相撲はかつて宮廷から庶民に至るまで親しまれた遊びだった。別に女が相撲を取って悪いということもなかったし、江戸後期には女相撲の興行も行われた。
明治に入って西洋的な価値観によって伝統文化が弾圧される時代に入ると、その影響は当然ながら相撲にも及んだ。まずちょん髷はいかがなものかということになるし、また西洋的な価値観から裸もけしからんとの批判に晒されることになった。
ただ、これだけ国民的な人気を誇る相撲を、さすがに根絶やしにする事はなかった。ただ、女性が男の裸を見るのはいかがなものかということで、女性の観戦が禁止されたらしい。まるで古代オリンピックか、今でも残るイスラム圏のスポーツ観戦かという感じだ。

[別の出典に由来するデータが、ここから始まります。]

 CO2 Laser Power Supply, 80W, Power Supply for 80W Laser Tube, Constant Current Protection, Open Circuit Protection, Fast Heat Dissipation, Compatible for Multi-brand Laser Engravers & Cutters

やがて観戦は解禁されたが、それでも土俵には上げないという習慣は残ったのだろう。土俵に女が上がってはいけないというのは、結局の所裸の男がいるところに女が入ってはいけないという風紀の問題だったのだと思う。それを正当化するために後付け理由として「穢れ」というのが持ち出されたか。

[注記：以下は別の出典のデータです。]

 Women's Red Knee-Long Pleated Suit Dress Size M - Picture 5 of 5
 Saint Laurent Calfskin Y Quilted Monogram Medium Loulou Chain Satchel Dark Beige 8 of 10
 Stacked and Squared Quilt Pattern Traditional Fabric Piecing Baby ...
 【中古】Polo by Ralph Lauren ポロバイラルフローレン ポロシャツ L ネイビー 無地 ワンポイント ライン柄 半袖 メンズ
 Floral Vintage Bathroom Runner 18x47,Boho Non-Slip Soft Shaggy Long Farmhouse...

まあ、要するに、女が土俵に上がってはいけないというのは、日本の伝統ではないし、別に土俵が神聖なところだったからというわけでもない。西洋のビクトリア時代の極度な性的抑制の習慣が日本にも取り入れられた結果と言えよう。
女性を穢れたものと見なす観念も本来日本の伝統には存在せず、仏教から来た観念で、平安時代に入って神道が仏教の影響を強く受けるようになってからではないかと思う。
穢れは本来伝染病をもたらす未知の病原体をあらわすものだから、ウィルスなどの感染の原因になる血を穢れたものとしたため、出産や生理の血を穢れとする分には一定の根拠があったが、女性そのものを穢れと見なす概念は仏教由来と見たほうがいいだろう。

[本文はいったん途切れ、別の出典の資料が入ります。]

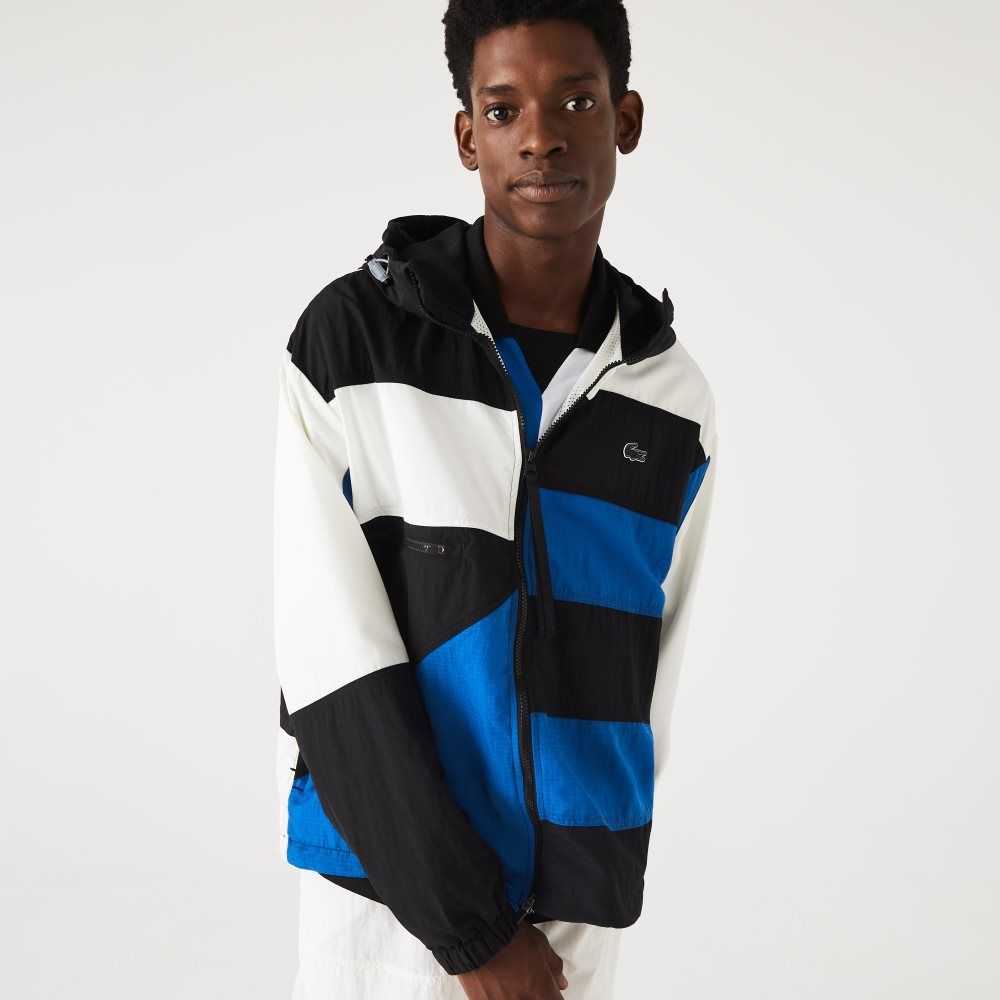 Black / Blue / White Lacoste Patchwork Effect Jacket | XTJWKN-291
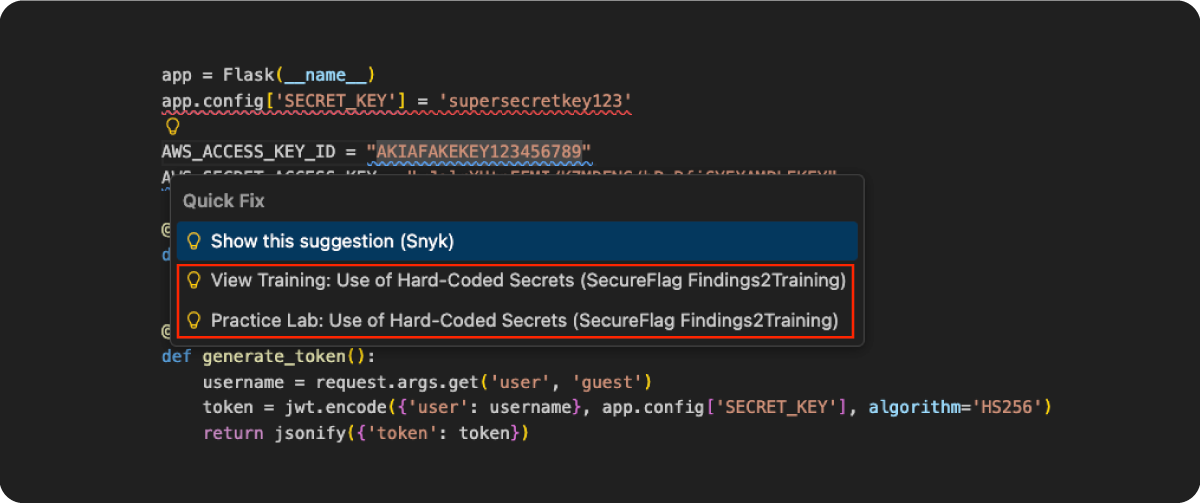 Screenshot of Quick Fix options in Findings2Training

また、山岳信仰などでの女人禁制には朝鮮半島の文化の影響もあったのかもしれない。
古代でも近代でも、日本人は本音の部分では昔からの日本人らしさを受け継いではいるが、支配者層は外来の思想に弱かった。それは今でも続いている。外圧を恐れて、外国に支配される前に自己植民地化してしまうのが日本人の常だったといってもいいのかもしれない。
ある意味、外国の文化に服従している振りをして、それを隠れ蓑にしながら密かに昔ながらの伝統を守ってきたのが日本人の知恵だったのかもしれない。
さて、あまり風流な話題ではなかったので、最後にお口直しで、
山家興
木兎の耳ふる花の吹雪かな 一露
これは言水編の『新撰都曲』の中の句。今の花吹雪の季節にはふさわしい。ただ、花吹雪を避けるためにミミズクが羽角を振るというのは、ちょっと話を盛っている感じで、そこが大阪談林なのだろう。
木兎の眠り落たる柳哉 琴風
これは不卜編の句合『続の原』の句。ミミズクが柳に留まるのかと思ったが、ネットで検索したら柳の上のミミズクの画像が出てきた。やはりこれは蕉門の句だ。